O que vejo nesse refrão, é o despreparo para tratar esse fenômeno estátistico. O país mudou muito pouco, em suas estruturas sociais e econômicas, e não parece estar pronto para tratar esses "velhos", que chegam, sábios pela maturação do tempo e da vida, e que não vão se entregar facilmente, ao "canto da sereia', de que representam apenas a "economia prateada".
Economia prateada uma ova!!
Somos os construtores da base, que sustenta o presente momento da história do país. Recusamo-nos a ser tratados como a nova fonte de lucros, como "os novos consumidores", a ser adulados pelo mercado. Somos a velha história e o fundamento do promissor futuro anunciado.
Somos a História de uma pátria! Os heróis que participaram da contrução da liberdade, da descolonização, os fundadores de uma unidade linguística, particularmente rica, original e independente do linguajar europeu. Somos os brasileiros, os irmãos mais velhos, que edificaram com sangue e coragem a brasilidade de um povo.
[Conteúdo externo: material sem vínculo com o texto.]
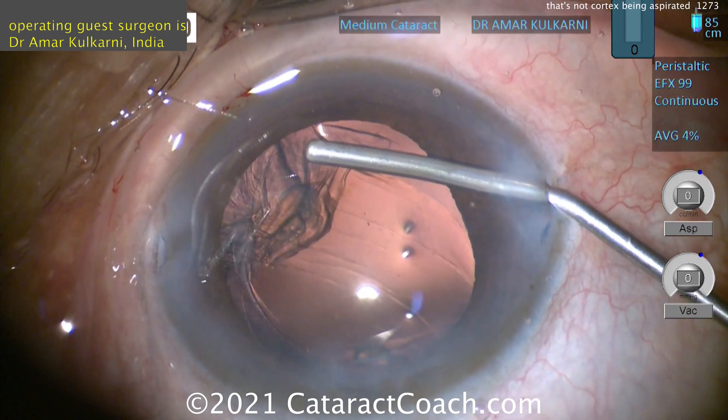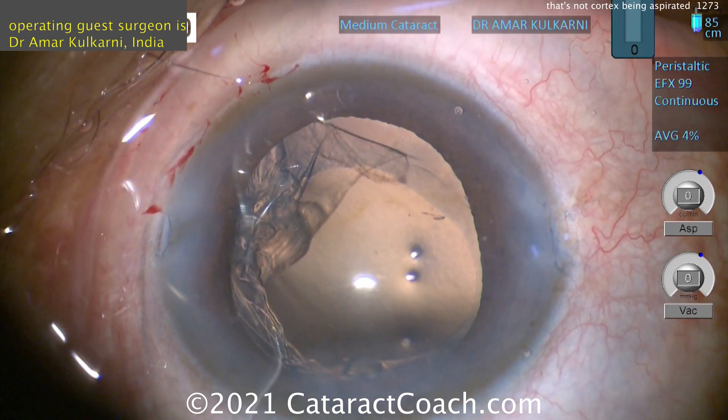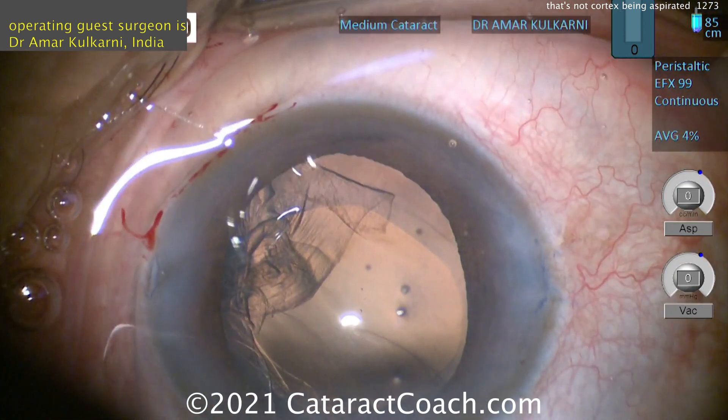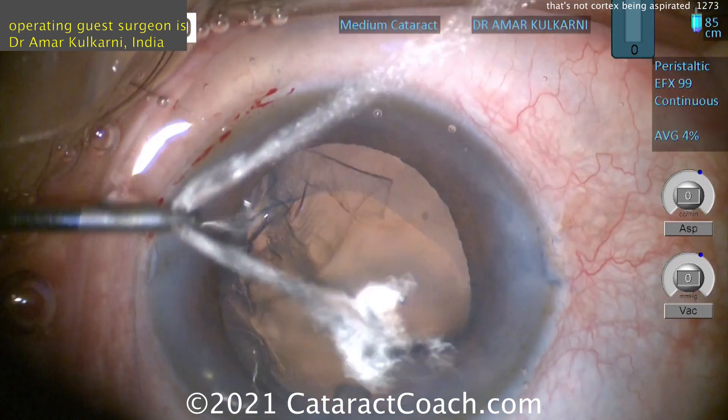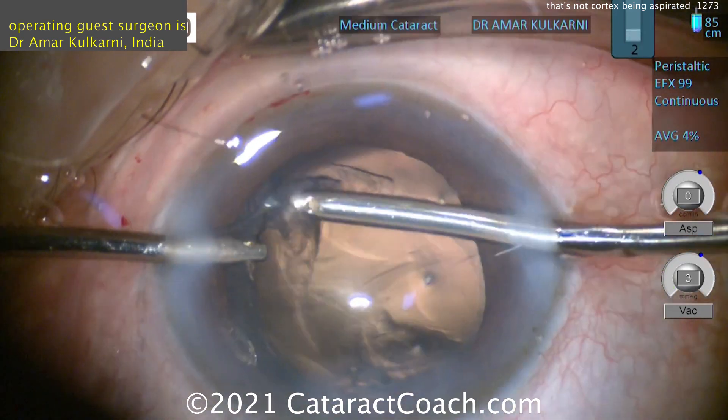So you need to make sure that the anterior hyaloid face stays intact. Lots and lots of viscoelastic. This is a stressful case — you've got to keep calm under pressure when you're doing this. Dr. Kulkarni is doing a really good job here, staying calm. Plenty of viscoelastic. Remember who told you: viscoelastic is cheaper than vitreous.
Economia prateada uma ova!!
A mídia já se deu conta desse fato, e o transformou em matéria constante em suas notícias. Há um cardápio de discussões sobre o tema do envelhecimento. Embora tratado genericamente, na maioria das matérias (não especializadas), e de vulgarização, o assunto é sério, pois que não há iniciativas de políticas públicas que estejam consolidadas, para responder ao desafio da grande massa de idosos, que já ocupa o espaço social. Tratados como "economia prateada", um olhar de mercado, nada atento ao significado da humanidade, que esse contingente de idosos representa, quando há exigência de se ter um planejamento, que atenda às necessidades próprias desse segmento expressivo, com riquíssimo patrimônio cultural e de esperiências, e que ao contrário, padece socialmente do preconceito etárico, que o coloca na clandestinidade, como se já não servisse mais, já não atendesse às novas exigências do mercado, senão como consumidor, como "valor econômico de consumo".
O Brasil envelheceu, sem organizar um novo modelo de sociedade, capaz de absorver a diversidade geracional. Sem desenvolver novas relações de emprego/produtividade, sem repensar o avanço de tecnologias que já estão erodindo essas relações de produção, e que ameaçam o futuro, se o presente não se der conta, de que há urgência na renovação, não apenas das atividades de produção e serviços, como também dos modelos corporativos, que já se mostram anacrônicos, para administrar os novos tempos.
Um novo "modelo econômico" certamente surgirá, como resposta das novas tecnologias, que avançam, inaugurando para além da pós-modernidade, criando novas profissões ante as novas modalidades de produção.
Não será uma novidade, pois os diversos ciclos históricos, comprovam as rupturas, quando o "novo" carrega a força inevitável das mudanças, transformando e desacomodando as estruturas, até então consideradas "estáveis e permanentes".
Ao futuro caberá responder a uma perguntinha: o que será feito para organizar 8.400.000.000 de seres humanos?
Nada é permanente no processo civilizatório! Tudo está em movimento, tudo está em transformação, tudo está gravitando na força da instabilidade.
Nesse momento, os "velhos" são a memória histórica da humanidade, as pontes que conectam o tempo agônico, com a chegada do novo momento histórico da civilização. Os "velhos", essas gerações que carregam a História e o patrimônio cultural de uma época, são o ponto de confluência e encontro de dois momentos de uma transição, em que o "passado" tem a força da memória e o futuro, a indecisão e a precariedade instável em estado de nascituro.
Enquando o futuro avança, nas asas da tecnologia que inaugura um novo mundo, o passado firma seus alicerces, para garantir o nascimento dos homens vindouros.